Repeat all of the data below word for word, keeping no images.

**DATA EXTRACT**
::::::::

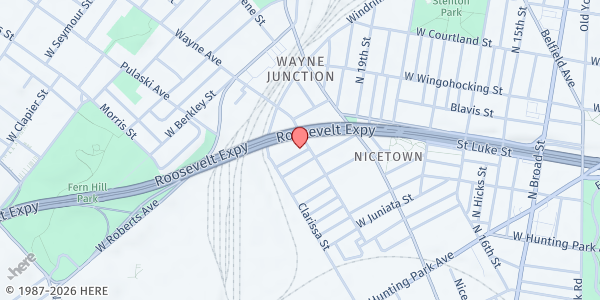 Map showing Playstreet 2000 Newcomb St. at 2005 Newcomb St., Philadelphia, PA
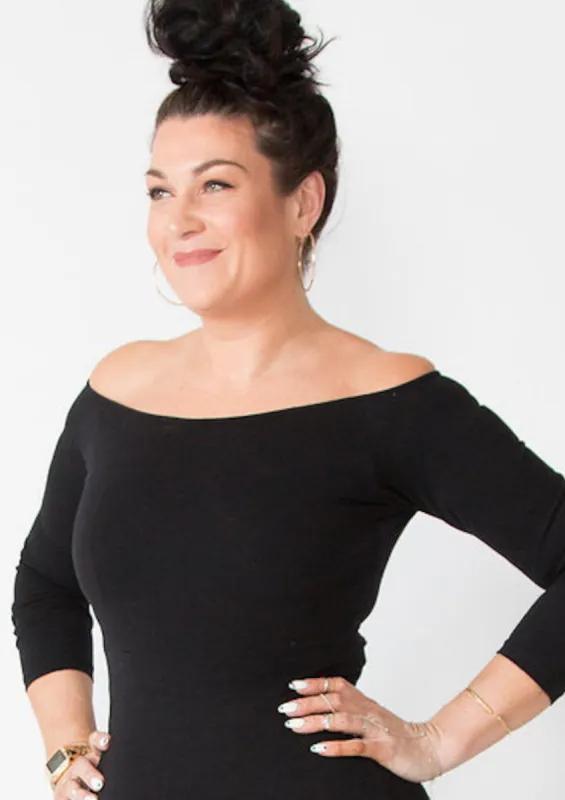 Baza Full Length Top in Black sold by Manners London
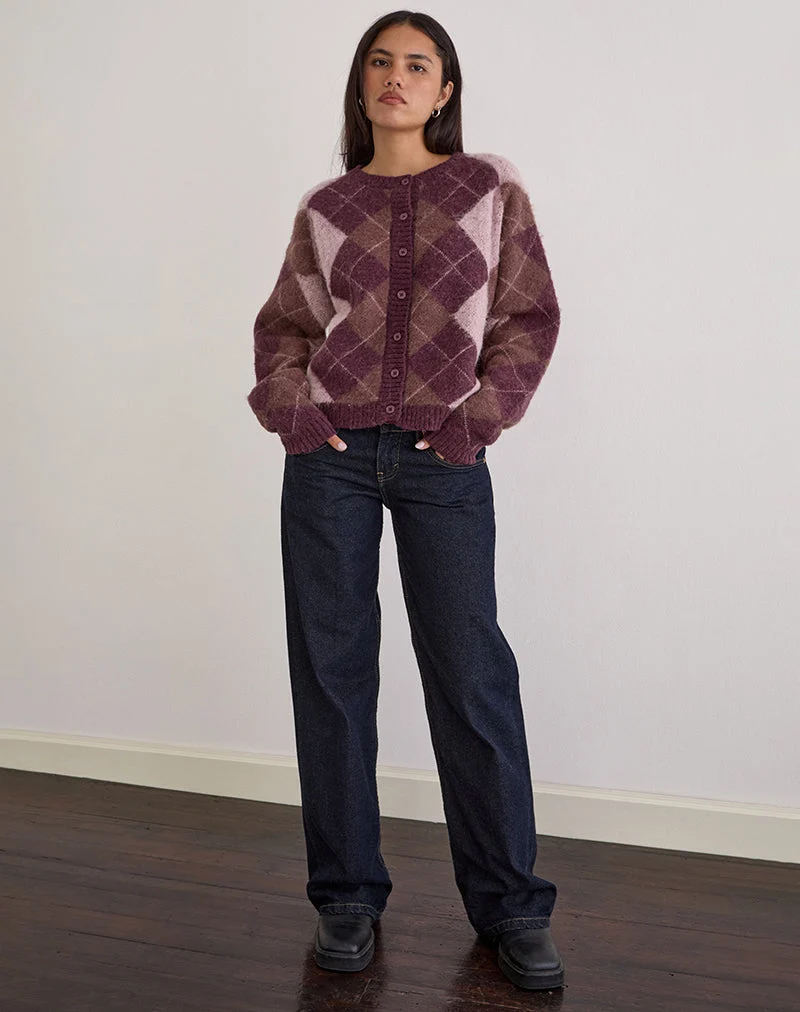 Cardigan Eliana en tricot argyle rose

::::::::

**PROBLEM SOLUTION**
 Map showing Playstreet 2000 Newcomb St. at 2005 Newcomb St., Philadelphia, PA
 Baza Full Length Top in Black sold by Manners London
 Cardigan Eliana en tricot argyle rose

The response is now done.